- _WORK INSTRUCTION_:
Every line of the entries below from the one containing "Pomnik arcyksięcia Albrechta przed Albertiną." to the one containing "5 Crest Cir", both ends included, must be written out exactly. No other line belongs in the answer.
»»
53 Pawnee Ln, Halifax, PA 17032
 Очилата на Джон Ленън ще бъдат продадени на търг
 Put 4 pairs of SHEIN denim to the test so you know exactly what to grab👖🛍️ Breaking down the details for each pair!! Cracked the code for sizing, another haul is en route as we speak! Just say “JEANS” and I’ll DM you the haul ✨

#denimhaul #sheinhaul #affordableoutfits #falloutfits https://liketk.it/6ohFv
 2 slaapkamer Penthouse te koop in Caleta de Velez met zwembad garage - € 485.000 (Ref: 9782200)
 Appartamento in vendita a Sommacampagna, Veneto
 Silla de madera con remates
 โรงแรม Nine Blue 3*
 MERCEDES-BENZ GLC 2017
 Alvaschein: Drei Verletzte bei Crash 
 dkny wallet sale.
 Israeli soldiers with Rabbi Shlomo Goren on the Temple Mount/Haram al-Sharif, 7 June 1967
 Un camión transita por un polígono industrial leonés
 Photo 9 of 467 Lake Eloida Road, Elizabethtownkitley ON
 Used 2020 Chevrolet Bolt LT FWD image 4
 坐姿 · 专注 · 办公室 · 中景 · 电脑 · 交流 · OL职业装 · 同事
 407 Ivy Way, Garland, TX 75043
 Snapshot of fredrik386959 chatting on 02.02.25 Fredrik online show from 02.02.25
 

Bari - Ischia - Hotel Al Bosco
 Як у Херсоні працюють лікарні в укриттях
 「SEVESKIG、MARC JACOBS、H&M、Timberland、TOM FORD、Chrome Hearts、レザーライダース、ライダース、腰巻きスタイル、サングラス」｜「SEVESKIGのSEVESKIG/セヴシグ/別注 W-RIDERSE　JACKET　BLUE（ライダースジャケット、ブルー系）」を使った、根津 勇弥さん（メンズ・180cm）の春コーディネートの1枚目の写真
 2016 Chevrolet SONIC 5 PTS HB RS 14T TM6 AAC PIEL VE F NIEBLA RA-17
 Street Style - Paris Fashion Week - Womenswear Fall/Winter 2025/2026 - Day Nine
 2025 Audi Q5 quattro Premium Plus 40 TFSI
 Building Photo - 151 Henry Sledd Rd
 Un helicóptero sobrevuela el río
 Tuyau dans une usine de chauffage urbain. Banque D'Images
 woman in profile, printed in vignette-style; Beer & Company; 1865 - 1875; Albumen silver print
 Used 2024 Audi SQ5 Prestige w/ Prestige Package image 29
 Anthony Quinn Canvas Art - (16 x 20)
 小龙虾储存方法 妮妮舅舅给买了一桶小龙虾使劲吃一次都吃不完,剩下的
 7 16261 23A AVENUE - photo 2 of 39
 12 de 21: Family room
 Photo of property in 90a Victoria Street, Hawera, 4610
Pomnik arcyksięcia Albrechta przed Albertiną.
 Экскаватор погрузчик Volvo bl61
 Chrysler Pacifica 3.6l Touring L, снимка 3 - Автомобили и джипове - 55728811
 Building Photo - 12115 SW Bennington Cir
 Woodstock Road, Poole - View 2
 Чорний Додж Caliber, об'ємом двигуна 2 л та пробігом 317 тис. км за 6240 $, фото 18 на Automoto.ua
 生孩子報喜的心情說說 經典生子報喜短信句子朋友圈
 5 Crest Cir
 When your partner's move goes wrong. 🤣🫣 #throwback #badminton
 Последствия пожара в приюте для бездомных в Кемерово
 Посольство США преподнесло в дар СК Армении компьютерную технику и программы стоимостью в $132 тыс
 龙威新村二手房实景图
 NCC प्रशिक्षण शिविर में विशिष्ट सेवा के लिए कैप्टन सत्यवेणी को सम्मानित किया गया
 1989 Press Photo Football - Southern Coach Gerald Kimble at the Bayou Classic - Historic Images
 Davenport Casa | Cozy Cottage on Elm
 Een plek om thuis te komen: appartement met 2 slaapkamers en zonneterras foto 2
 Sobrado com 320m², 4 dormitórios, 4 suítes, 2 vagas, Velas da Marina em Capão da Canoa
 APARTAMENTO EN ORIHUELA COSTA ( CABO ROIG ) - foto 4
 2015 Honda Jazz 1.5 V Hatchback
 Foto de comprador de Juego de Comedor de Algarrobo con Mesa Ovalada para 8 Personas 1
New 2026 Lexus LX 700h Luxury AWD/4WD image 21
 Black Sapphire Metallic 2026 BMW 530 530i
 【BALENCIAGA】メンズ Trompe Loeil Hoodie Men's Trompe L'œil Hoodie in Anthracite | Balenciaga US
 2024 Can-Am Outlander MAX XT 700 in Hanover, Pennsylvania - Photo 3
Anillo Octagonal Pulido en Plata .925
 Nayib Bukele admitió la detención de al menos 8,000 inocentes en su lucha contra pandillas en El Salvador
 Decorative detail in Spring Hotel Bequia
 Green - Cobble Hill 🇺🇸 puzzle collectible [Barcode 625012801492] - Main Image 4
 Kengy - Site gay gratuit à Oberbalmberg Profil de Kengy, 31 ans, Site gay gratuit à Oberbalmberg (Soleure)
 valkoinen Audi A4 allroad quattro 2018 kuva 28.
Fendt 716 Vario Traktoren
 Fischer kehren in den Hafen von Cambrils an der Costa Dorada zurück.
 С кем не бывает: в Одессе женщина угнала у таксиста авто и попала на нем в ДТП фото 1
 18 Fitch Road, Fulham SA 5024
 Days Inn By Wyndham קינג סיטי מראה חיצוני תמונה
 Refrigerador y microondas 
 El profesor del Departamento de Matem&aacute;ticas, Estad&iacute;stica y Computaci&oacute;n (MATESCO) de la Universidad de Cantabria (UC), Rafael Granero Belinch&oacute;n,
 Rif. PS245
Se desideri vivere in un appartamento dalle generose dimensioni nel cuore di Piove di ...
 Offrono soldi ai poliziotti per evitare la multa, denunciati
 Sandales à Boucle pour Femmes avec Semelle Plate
««
- _TASK RESULT_:
Pomnik arcyksięcia Albrechta przed Albertiną.
 Экскаватор погрузчик Volvo bl61
 Chrysler Pacifica 3.6l Touring L, снимка 3 - Автомобили и джипове - 55728811
 Building Photo - 12115 SW Bennington Cir
 Woodstock Road, Poole - View 2
 Чорний Додж Caliber, об'ємом двигуна 2 л та пробігом 317 тис. км за 6240 $, фото 18 на Automoto.ua
 生孩子報喜的心情說說 經典生子報喜短信句子朋友圈
 5 Crest Cir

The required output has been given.